Directed by Wonder Woman's Patty Jenkins, TNT's new limited series I Am the Night is a strange hybrid of fact and fiction. It centers on the real-life story of Fauna Hodel, who was raised by black parents in Reno, Nevada, but later discovered that she was adopted and not multiracial, as she'd grown up believing. (The show is loosely based on Hodel's 2008 memoir One Day She’ll Darken: The Mysterious Beginnings of Fauna Hodel.)
The truth of Fauna's origin has a connection to one of America's most infamous crimes: Her grandfather was George Hodel, a wealthy celebrity gynecologist who was a prime suspect in the unsolved 1947 murder of aspiring actress Elizabeth Short, aka "the Black Dahlia." Two years after Short's death, Hodel's daughter Tamar—Fauna's birth mother—accused him of sexual abuse. He was acquitted, but Tamar's testimony is what led detectives to suspect him in the Dahlia case.

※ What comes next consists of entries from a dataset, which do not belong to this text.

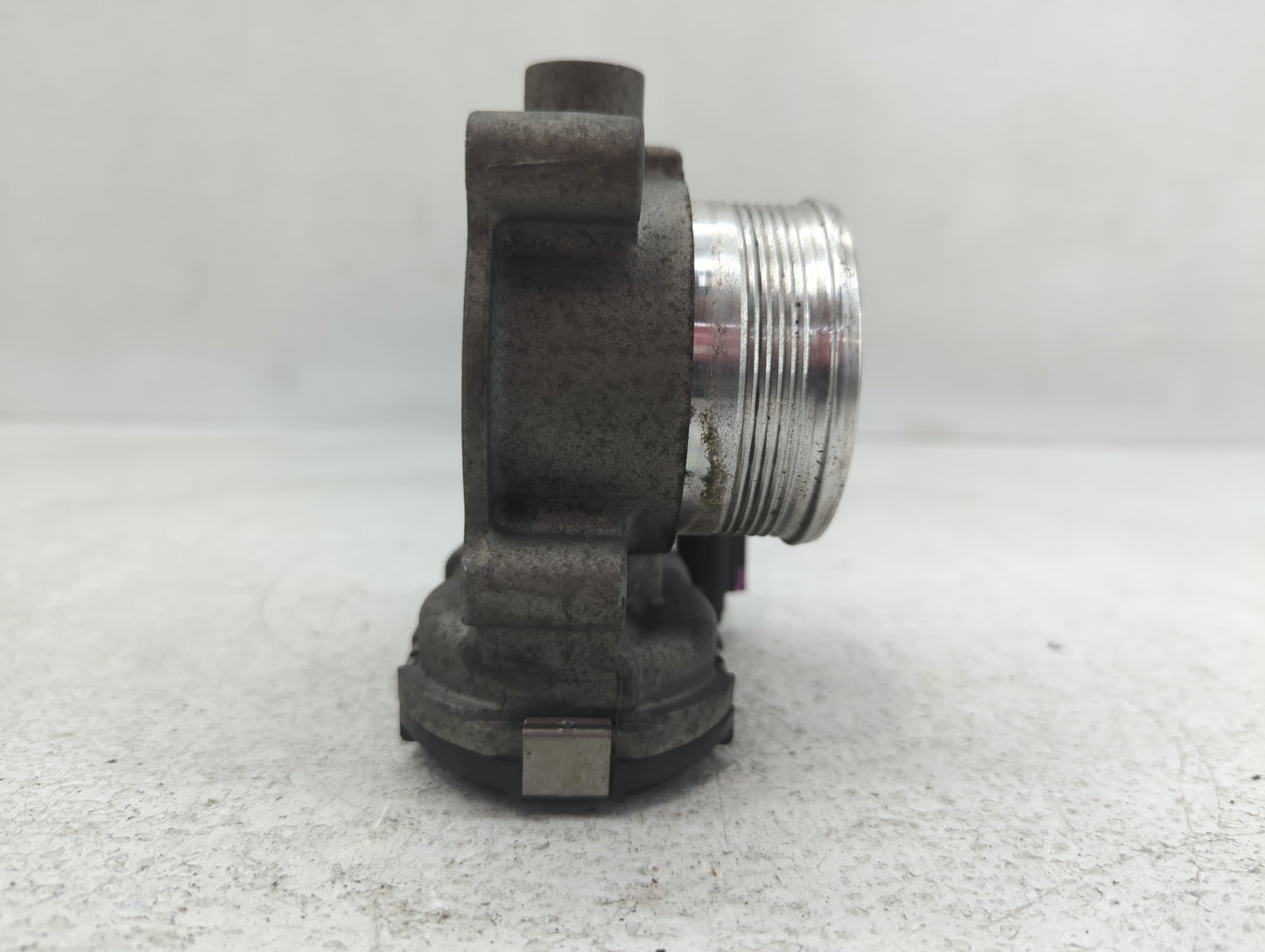 2015-2018 Ford Edge Throttle Body P/N:DS7E-9F991-BB Fits Fits 2014 2015 2016 2017 2018 2019 2020 2021 2022 OEM Used Auto Par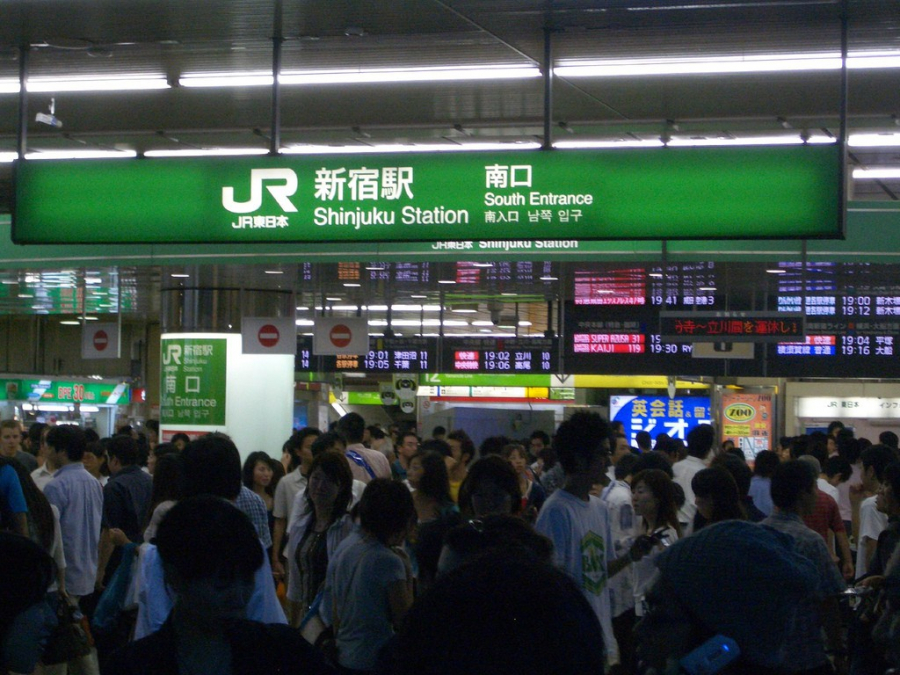 Các ga tàu điện ngầm ở Tokyo là một trong những nơi duy nhất trong thành phố có biển hiệu tiếng Anh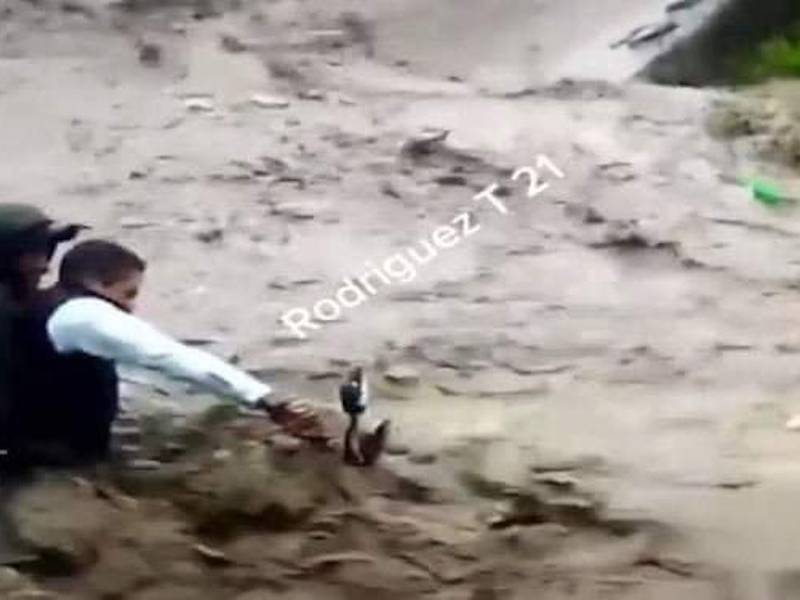 VIDEO. Motorista intenta cruzar río desbordado en Mataquescuintla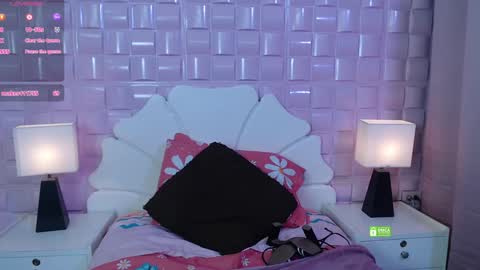 Snapshot of cosmiccandyx chatting on 01.07.25 Cosmic online show from 01.07.25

After having Hodel's private residence, the foreboding Sowden House, electronically bugged by law enforcement in 1950, and subsequently being recorded admitting to paying off cops, performing illegal abortions, and possibly to killing Short and his own secretary, Hodel fled the United States before he could be arrested, and lived in Asia until 1990.
Only two episodes of I Am the Night have been released, but so far it has somehow managed to make this riveting story of murder, familial lies, abuses of power, and police corruption a total snooze fest.

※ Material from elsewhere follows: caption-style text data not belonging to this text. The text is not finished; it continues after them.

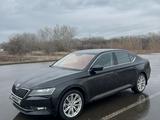 Skoda Superb 2019 года за 13 000 000 тг. в Уральск – фото 4
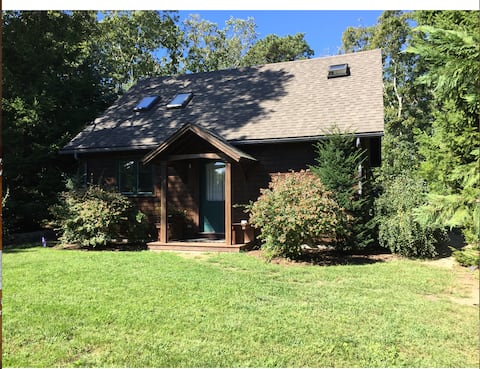 Top performing Airbnb: Sweet little post and beam in Oak Bluffs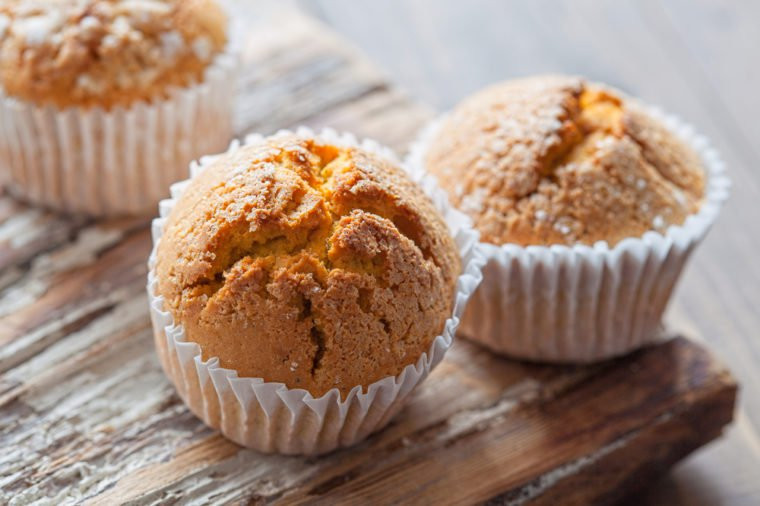 Bánh nướng bí đỏ: Bí đỏ là một thực phẩm rất tốt cho cơ thể, bạn có thể chế biến thực phẩm này làm thành bánh nướng với nguyên liệu là: bột mì, đường, bí đỏ. 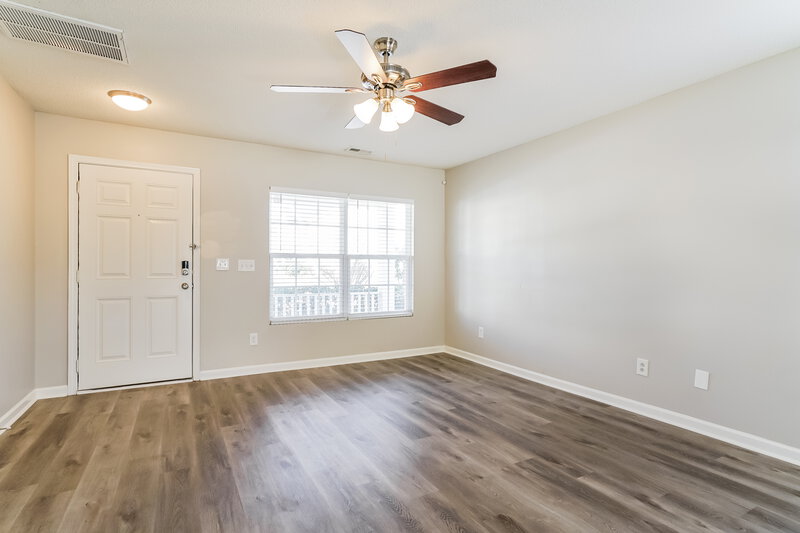 1,840/Mo, 6412 Guard Hill Dr Raleigh, NC 27610 Living Room View 2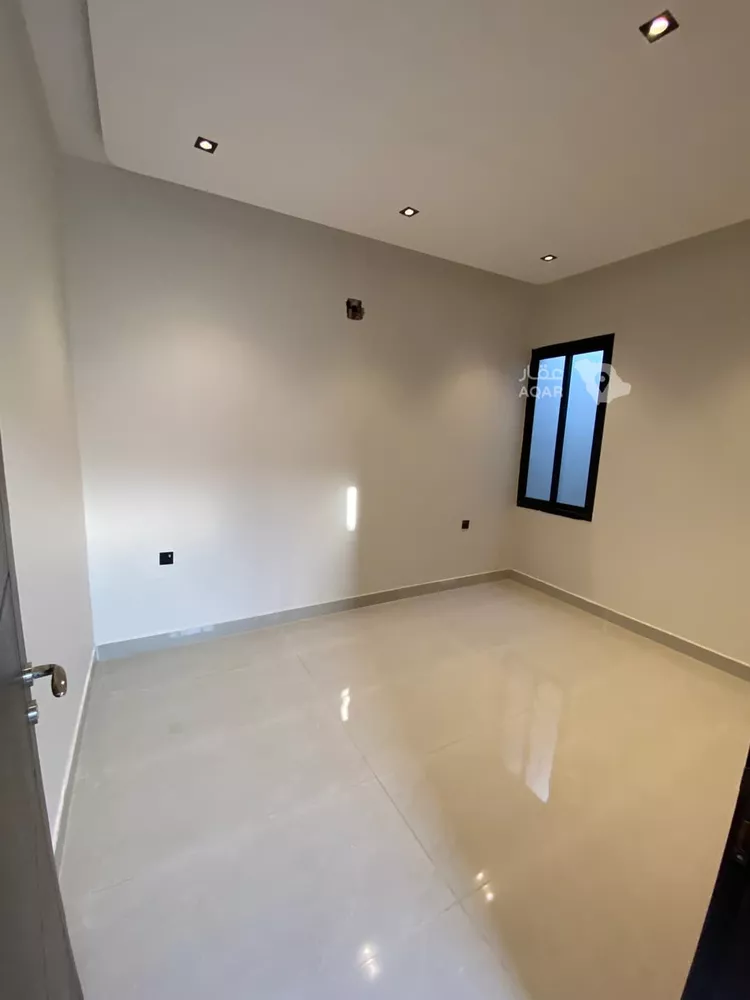 شقة للبيع في شارع طريق العزيزيه, حي طيبة, مدينة الرياض, منطقة الرياض 8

First off, it's set in 1960s Los Angeles, and the teenage Fauna—played by a permanently doe-eyed India Eisley—is on a desperate hunt for answers about her family. In this version of history, George Hodel (Jefferson Mays) has not left the country. And they've inserted a fictional character into the mix: Jay Singletary (Chris Pine), a drug-addled tabloid journalist with PTSD, the result of his service in the Korean War. He's not particularly likable and is full of weird, unfunny one-liners like “If you’re feeling froggy, we can do this dance. Pick a lily pad."

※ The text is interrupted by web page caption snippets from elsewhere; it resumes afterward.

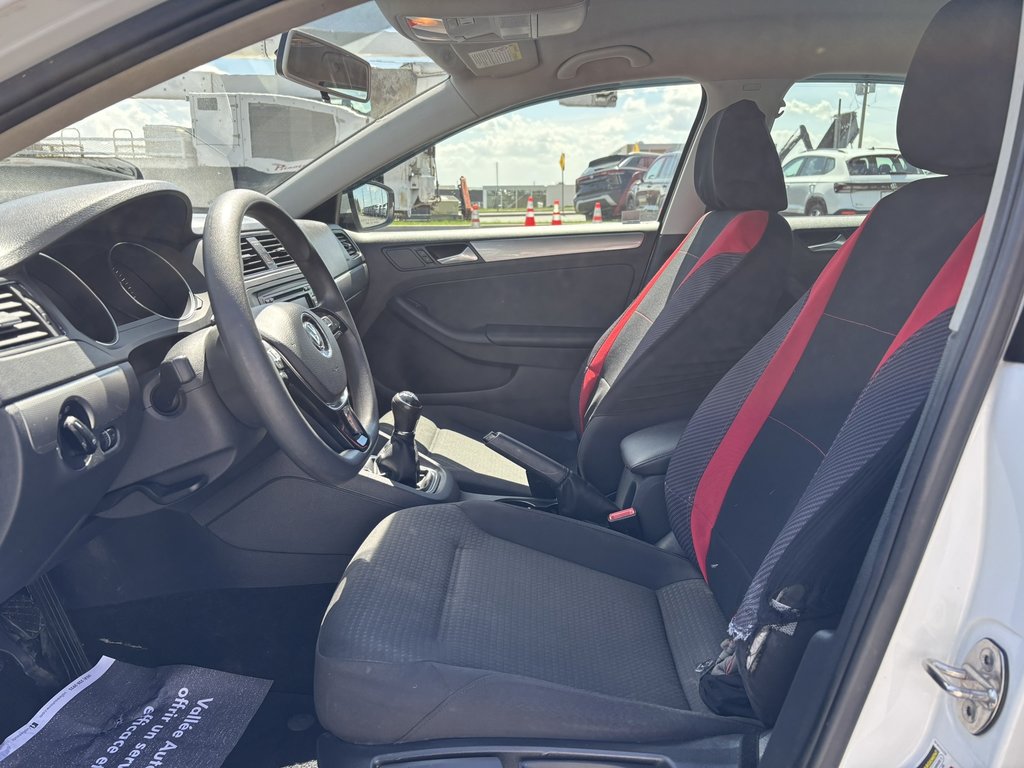 2015 Volkswagen Jetta Sedan 4dr 2.0L Man Trendline+ in Saint-Georges, Quebec - 7 - w1024h768px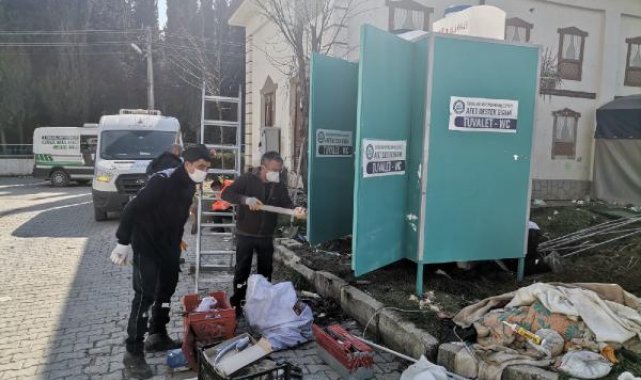 Eskişehir'den deprem bölgesine seyyar tuvalet ve hijyen malzemeleri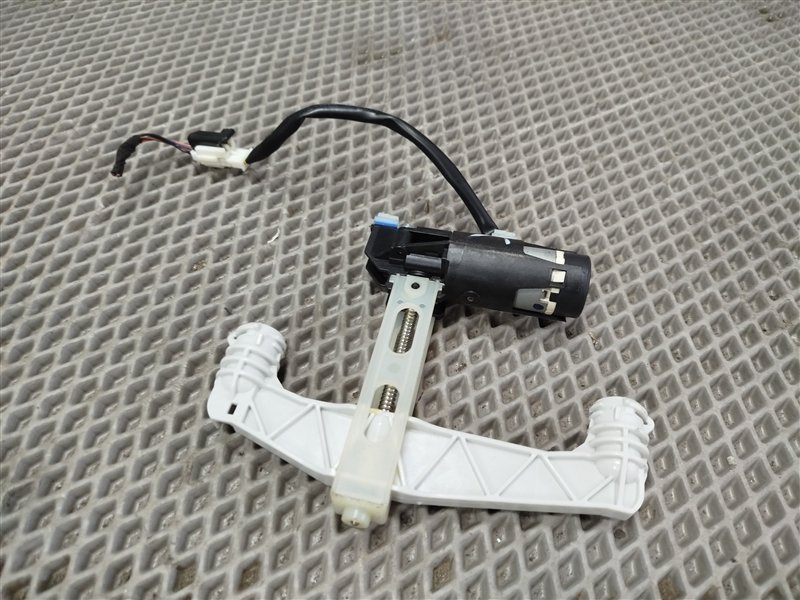 моторчик подголовника, 4000 рублей, Санкт-Петербург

Chris Pine is by far my favorite Hollywood Chris, but his I Am the Night character is basically a haphazard composite of neo-noir detective clichés. Maybe that's just what happens when you literally invent a justice-seeking man to be the driving force in a story that does not need him. There are flashes of LA Confidential's Sergeant Ed Exley, Chinatown's Jake Gittes, The Big Lebowski's enrobed Dude, and even Inherent Vice's Doc Sportello—all white guys hired to investigate the disappearance or murder of a white girl.
In I Am the Night, the emphasis on Singletary's motivations overshadows what really (allegedly) happened: A man hurt women and used his money and power to avoid the consequences. Though he's depicted as a lovable fuckup, Singletary's inclusion in this show (and others like it) plays into a dangerous narrative.
Alice Bolin hits the nail on the head in her excellent book Dead Girls: Essays on Surviving an American Obsession, which was one of my favorite reads of 2018: "There can be no redemption for the Dead Girl, but it is available to the person who is solving her murder." Just look at Twin Peaks' Special Agent Dale Cooper; there is a clear pattern in pop culture's overabundance of "dead girl" narratives where the victim becomes a prop unto which righteous men can project their own feelings.
If true crime is inherently exploitative, it's important to critically examine our own relationship with the narratives it reinforces, especially as American pop culture undergoes a true-crime renaissance, from hit podcasts like Serial and My Favorite Murder to sexy Ted Bundy movies to the docu-drama anthology series American Crime Story (which has delved into the OJ Simpson murder case and the slaying of Gianni Versace). So far, I Am the Night has failed to adequately represent the perspectives of the women it's supposedly about. The result is something that's way more boring than it should be.